子宮頸がんは比較的治療予後のよいがんの1つであり、早期に適切な治療を行えば、良好な結果を期待することができます。一方で、妊娠・出産を望む女性に発症した場合は、病気の治療に加えて妊孕性(にんようせい)(妊娠するための力)をどれだけ維持するかも重要な要素となり、子宮頸がんの治療方針はがんの進行度や患者の希望など、さまざまなことを考慮しながら決めていくことになります。

子宮頸がんの治療は、大きく分けて手術、放射線療法、薬物療法の3つがあります。これらのうち、どの治療を行うかは病気の進行度によって異なります。進行度は病変の広がり方や転移の有無によって決められ、以下のとおり病期(ステージ)と呼ばれるカテゴリに分類されます。

I期

がんの範囲が子宮に限られており、子宮以外には病変が認められない状態です。がんの深さや範囲によって、さらにIA1期、IA2期、IB1期、IB2期に分けられます。

II期

がんが子宮に加え、腟や子宮周辺組織に広がっていますが、その程度は高度ではない状態です。広がりの範囲が腟に限られるか子宮周辺組織にまで及ぶかによって、IIA1期、IIA2期、IIB期に分けられます。

III期

がんが腟や子宮周辺組織にまで広がっており、かつその程度が高度である場合です。広がりの範囲が腟に限られるか子宮周辺組織(骨盤壁)に達するかによって、IIIA期、IIIB期に分けられます。

IV期

がんが膀胱や直腸にまで進行しているか、遠隔転移が認められている状態です。遠隔転移の有無によってIVA期、IVB期に分けられます。
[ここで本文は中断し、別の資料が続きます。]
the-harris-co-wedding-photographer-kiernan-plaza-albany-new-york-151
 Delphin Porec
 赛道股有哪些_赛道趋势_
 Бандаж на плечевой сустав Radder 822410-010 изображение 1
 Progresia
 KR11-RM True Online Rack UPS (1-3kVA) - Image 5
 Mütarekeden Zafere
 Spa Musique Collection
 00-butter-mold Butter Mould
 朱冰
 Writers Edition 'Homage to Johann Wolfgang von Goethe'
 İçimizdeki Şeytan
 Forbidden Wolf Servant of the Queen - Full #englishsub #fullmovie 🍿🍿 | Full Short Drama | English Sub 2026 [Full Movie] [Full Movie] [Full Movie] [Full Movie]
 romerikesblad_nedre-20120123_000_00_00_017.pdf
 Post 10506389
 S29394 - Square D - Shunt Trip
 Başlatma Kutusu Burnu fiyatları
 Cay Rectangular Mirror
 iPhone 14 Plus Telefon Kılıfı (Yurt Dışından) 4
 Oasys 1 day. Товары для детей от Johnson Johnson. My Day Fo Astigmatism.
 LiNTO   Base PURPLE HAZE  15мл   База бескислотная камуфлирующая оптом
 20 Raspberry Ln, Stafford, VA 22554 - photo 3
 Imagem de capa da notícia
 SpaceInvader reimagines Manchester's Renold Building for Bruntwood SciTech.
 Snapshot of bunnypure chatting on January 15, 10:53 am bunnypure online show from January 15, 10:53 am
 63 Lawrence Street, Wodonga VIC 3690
手術はI~II期の子宮頸がんに対して選択され、子宮頸部のみを切除する円錐切除術や、子宮全摘手術があります。

子宮全摘手術では、子宮のみを切除する方法と子宮以外の卵巣や卵管、腟なども含めて広範囲に切除する方法(広汎子宮全摘術)があります。また、妊孕性を残すために子宮体部と卵巣を残す広汎子宮頸部摘出術と呼ばれる方法もあります。

がんに放射線を照射することでがん細胞を傷つける治療です。全てのステージで用いることができます。

IB2期以上の子宮頸がんでは、放射線療法と薬物療法(化学療法)を併用する化学放射線療法が行われることもあります。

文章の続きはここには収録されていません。